Un deuxième oreiller s'écrasa sur son visage. Il le brandit et tenta de me le jeter à son tour, mais je sortis ma baguette et parvins à le ralentir pour qu'il se place en douceur derrière mon dos. Montague leva les yeux au ciel, mais avant qu'il ne puisse ouvrir la bouche, la voix de Lee se fit à nouveau entendre :
-On rappellera tout de même la lamentable tricherie de Serpentard qui a conduit au forfait de la capitaine de Poufsouffle et incroyable gardienne Victoria Bennett. Sans ça, Serpentard n'aurait jamais gagné ce match, ce qui fait que me concernant, Poufsouffle est champion dans mon cœur, qu'est-ce que vous en dites ?
Je n'entendis pas l'habituelle réprimande de McGonagall, mais en revanche, les applaudissements nourris qui répondirent à Lee m'allèrent droit au cœur. Lee avait sans doute raison, ma présence aurait pu éviter la défaite de Poufsouffle et nous garantir la coupe : j'aurais fait plus d'arrêts que Cooper et j'aurais peut-être pu maintenir un écart assez grand pour nous permettre de perdre les points du Vif d'Or. Mais cela, nous ne le saurions jamais. Montague s'était remis à bougonner dans son coin, marmonnant que les allégations de Jordan gâchaient leur victoire. Quelques minutes plus tard, la porte de l'infirmerie s'ouvrit avec fracas sur mon équipe maussade qui m'entoura, la mine défaite. Touchée, je frottai le bras d'Evelyn avec douceur.
-Vous vous êtes bien battus, vous y étiez presque ...
-Ce qui écœurant c'est que si tu avais été là, on les aurait battus, renifla Smith avec mépris. Bletchley était fébrile, si avait pu creuser l'écart ...

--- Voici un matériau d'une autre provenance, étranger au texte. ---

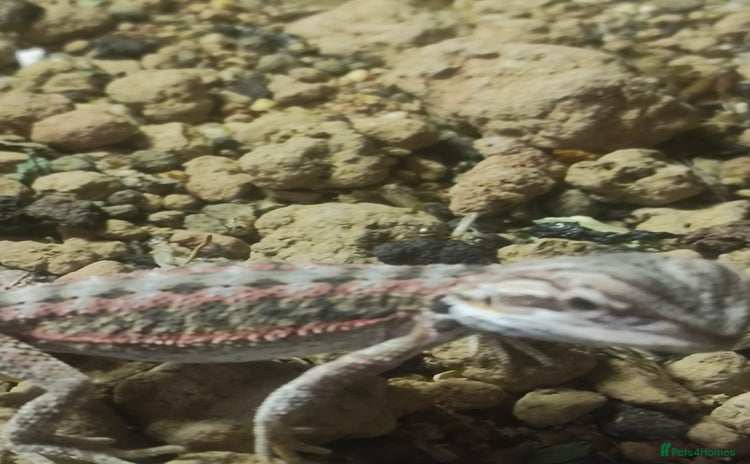 Bearded Dragon reptiles - Advert 1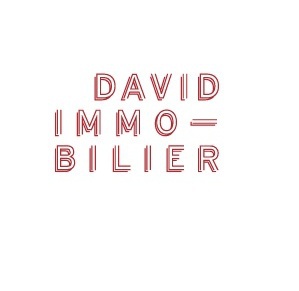 David Immobilier St Georges-Martyrs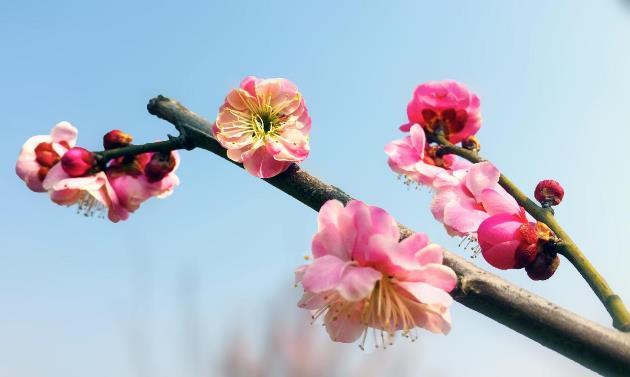 鄢陵旅游美景图片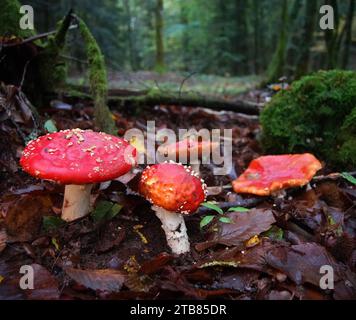 Fai volare i funghi Agaric nella foresta nazionale di Perigord, nel sud-ovest della Dordogna, in Francia, in autunno. Foto Stock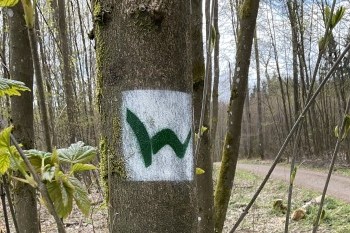 WesterwaldSteig Plakette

-On est désolé, Capitaine, conclut Kenneth avec un gros soupir. Mais si ça peut te rassurer, j'ai envoyé à cognard à Warrignton qui l'a mis K.O., je lui ai fait perdre quelques neurones supplémentaires.
-Et Judy a été impériale sur Malefoy, elle lui a coupé la course chaque fois qu'il voyait le Vif d'Or, ajouta Owen avec un regard admiratif pour la batteuse.
Kenneth ne parut pas apprécier ce regard, car il se rapprocha de son amie et passa derrière ses épaules un bras qui me parut un brin protecteur. J'avais l'impression que c'était presque une ambiance de deuil qui s'épaississait autour de nous, pesante et suintante, jusqu'à ce que la porte ne s'ouvre de nouveau, cette fois avec force d'éclat qui firent sursauter Montague.
-C'est moi qui lui donne ! C'est à moi que Chourave les a données !
-Mais Emily, on peut faire une chacun ! Allez, s'il te plait !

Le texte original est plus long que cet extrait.